• **Task prompt**
Exactly the lines below starting at the line with "Gothic Loose Plus" and ending at the line with "Test Day Teach.er" are wanted, with both ends included. Leave out the pictures and add no other lines.

• **Supplied entries**
===
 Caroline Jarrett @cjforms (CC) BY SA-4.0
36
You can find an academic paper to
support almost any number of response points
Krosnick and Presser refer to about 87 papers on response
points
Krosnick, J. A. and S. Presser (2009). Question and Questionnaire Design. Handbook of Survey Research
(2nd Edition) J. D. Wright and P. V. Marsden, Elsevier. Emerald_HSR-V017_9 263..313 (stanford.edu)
===
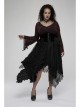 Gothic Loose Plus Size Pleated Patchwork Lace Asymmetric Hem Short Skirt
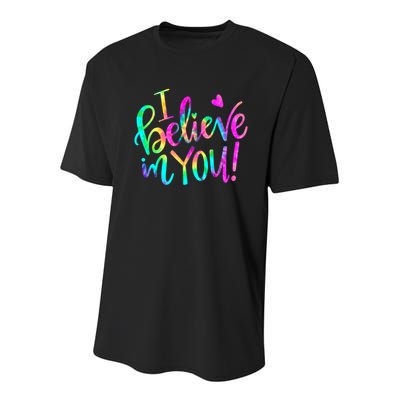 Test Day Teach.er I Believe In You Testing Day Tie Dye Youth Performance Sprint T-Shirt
===
• **Result below**
 Gothic Loose Plus Size Pleated Patchwork Lace Asymmetric Hem Short Skirt
 Test Day Teach.er I Believe In You Testing Day Tie Dye Youth Performance Sprint T-Shirt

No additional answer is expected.